[R] ROC curve in R

Sat Aug 4 01:09:20 CEST 2007

On Thursday 26 July 2007 10:45, Frank E Harrell Jr wrote:
> Dylan Beaudette wrote:
> > On Thursday 26 July 2007 06:01, Frank E Harrell Jr wrote:
> >> Note that even though the ROC curve as a whole is an interesting
> >> 'statistic' (its area is a linear translation of the
> >> Wilcoxon-Mann-Whitney-Somers-Goodman-Kruskal rank correlation
> >> statistics), each individual point on it is an improper scoring rule,
> >> i.e., a rule that is optimized by fitting an inappropriate model.  Using
> >> curves to select cutoffs is a low-precision and arbitrary operation, and
> >> the cutoffs do not replicate from study to study.  Probably the worst
> >> problem with drawing an ROC curve is that it tempts analysts to try to
> >> find cutoffs where none really exist, and it makes analysts ignore the
> >> whole field of decision theory.
> >>
> >> Frank Harrell
> >
> > Frank,
> >
> > This thread has caught may attention for a couple reasons, possibly
> > related to my novice-level experience.
> >
> > 1. in a logistic regression study, where i am predicting the probability
> > of the response being 1 (for example) - there exists a continuum of
> > probability values - and a finite number of {1,0} realities when i either
> > look within the original data set, or with a new 'verification' data set.
> > I understand that drawing a line through the probabilities returned from
> > the logistic regression is a loss of information, but there are times
> > when a 'hard' decision requiring prediction of {1,0} is required. I have
> > found that the ROCR package (not necessarily the ROC Curve) can be useful
> > in identifying the probability cutoff where accuracy is maximized. Is
> > this an unreasonable way of using logistic regression as a predictor?

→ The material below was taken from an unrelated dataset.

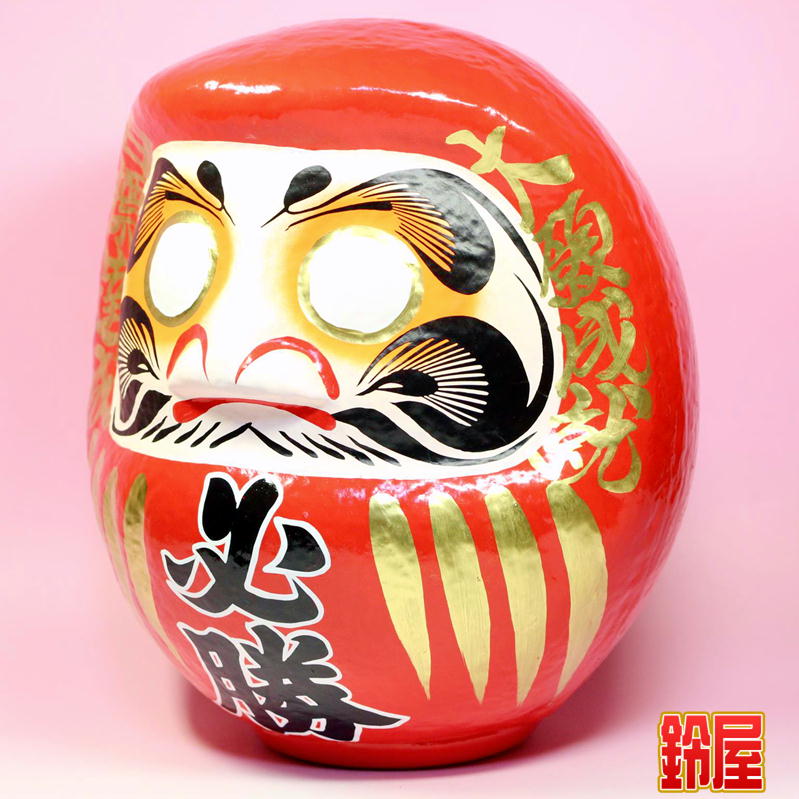 必勝祈願だるまを販売｜名無しの必勝ダルマの通販｜公式サイト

Thanks for the detailed response Frank. My follow-up questions are below:

> Logistic regression (with suitable attention to not assuming linearity
> and to avoiding overfitting) is a great way to estimate P[Y=1].  Given
> good predicted P[Y=1] and utilities (losses, costs) for incorrect
> positive and negative decisions, an optimal decision is one that
> optimizes expected utility.  The ROC curve does not play a direct role
> in this regard.  

Ok.

> If per-subject utilities are not available, the analyst 
> may make various assumptions about utilities (including the unreasonable
> but often used assumption that utilities do not vary over subjects) to
> find a cutoff on P[Y=1]. 

Can you elaborate on what exactly a "per-subject utility" is? In my case, I am 
trying to predict the occurance of specific soil features based on two 
predictor variables: 1 continuous, the other categorical.  Thus far my 
evaluation of how well this method works is based on how often I can 
correctly predict (a categorical) quality.

> A very nice feature of P[Y=1] is that error 
> probabilities are self-contained.  For example if P[Y=1] = .02 for a
> single subject and you predict Y=0, the probability of an error is .02
> by definition.  One doesn't need to compute an overall error probability
> over the whole distribution of subjects' risks.  If the cost of a false
> negative is C, the expected cost is .02*C in this example.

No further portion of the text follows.